● **EXERCISE**
Look below for the line that has "Thumbnail: 2020 Ford Explorer - 22"; output exactly from it through the line that has "Model Y 2026", and leave the pictures out.

● **RECORD EXCERPTS**
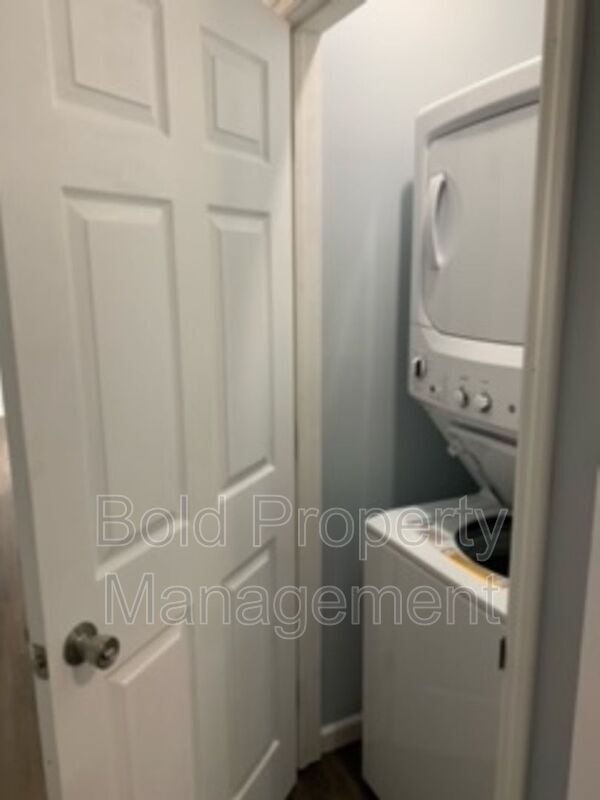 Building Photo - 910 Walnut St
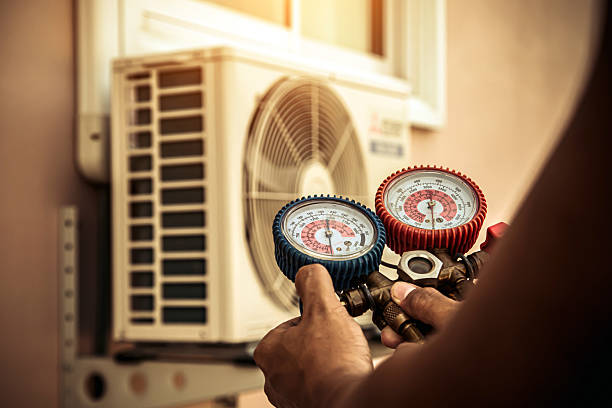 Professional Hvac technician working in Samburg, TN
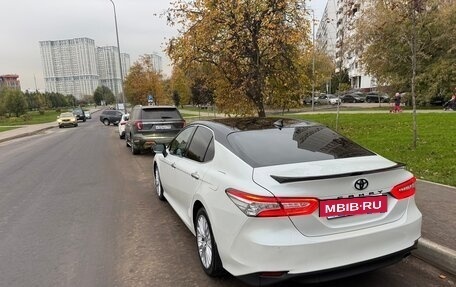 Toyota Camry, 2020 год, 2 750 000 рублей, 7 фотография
* * *
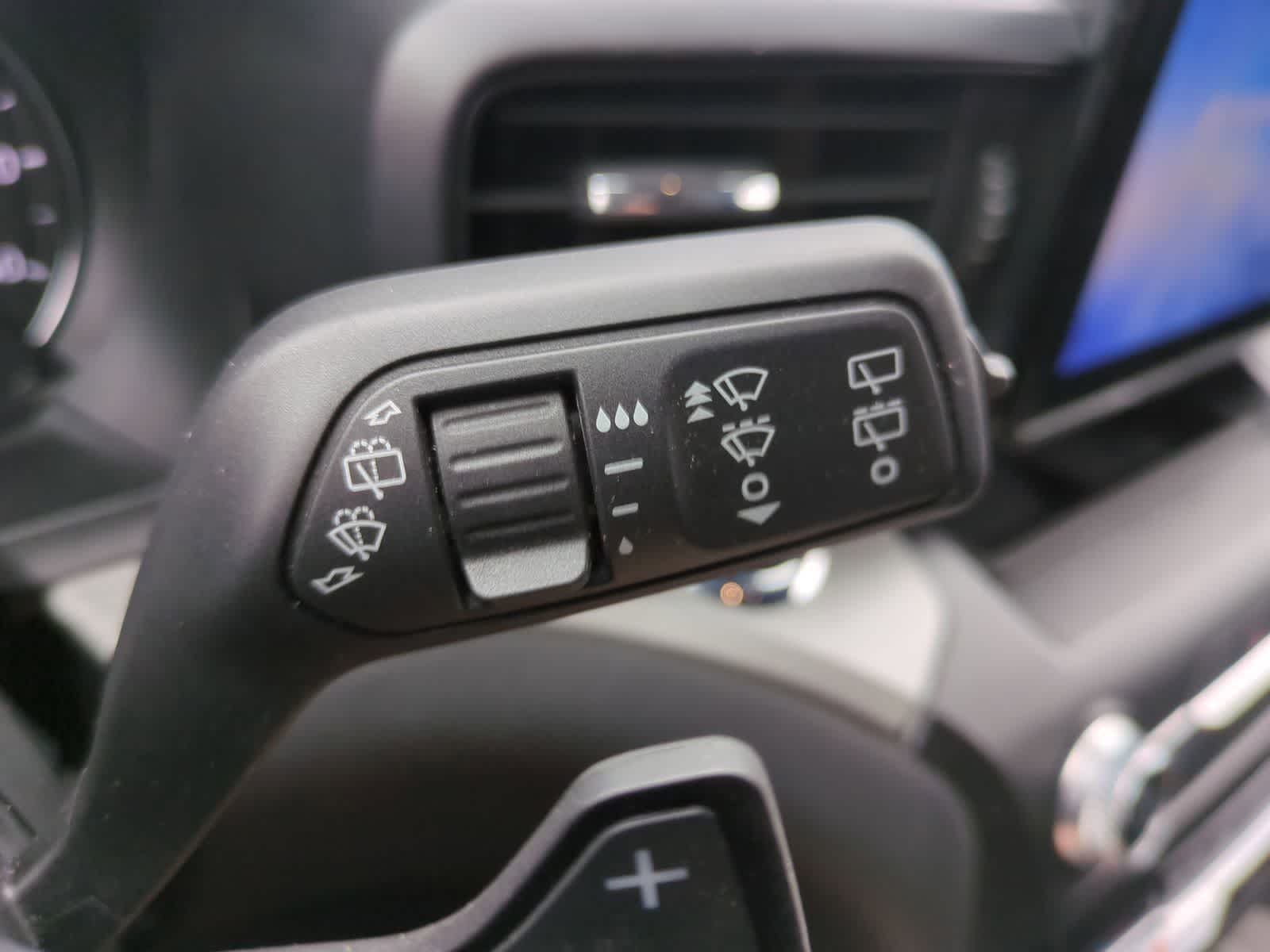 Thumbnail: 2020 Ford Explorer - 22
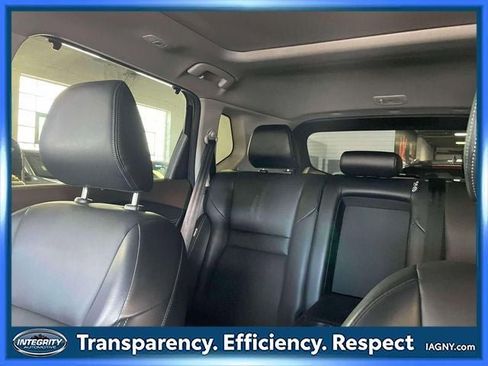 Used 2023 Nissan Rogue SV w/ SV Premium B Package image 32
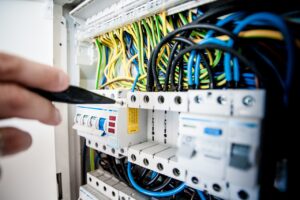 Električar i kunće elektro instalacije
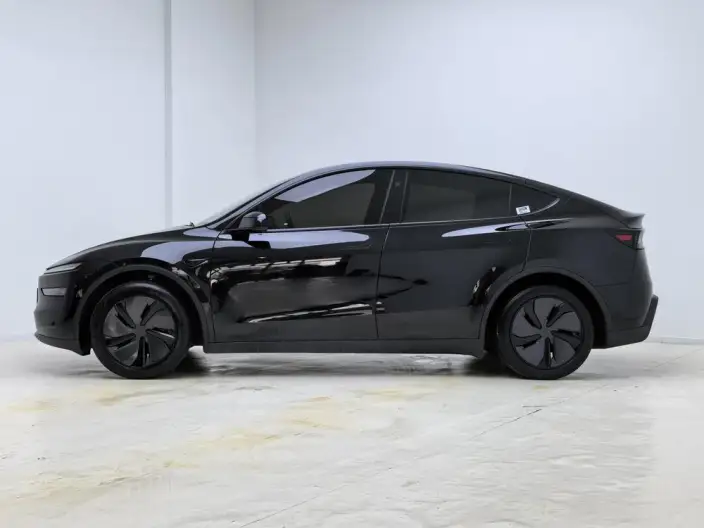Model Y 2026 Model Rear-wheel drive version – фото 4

● **THE COMPLETED TASK**
 Thumbnail: 2020 Ford Explorer - 22
 Used 2023 Nissan Rogue SV w/ SV Premium B Package image 32
 Električar i kunće elektro instalacije
Model Y 2026 Model Rear-wheel drive version – фото 4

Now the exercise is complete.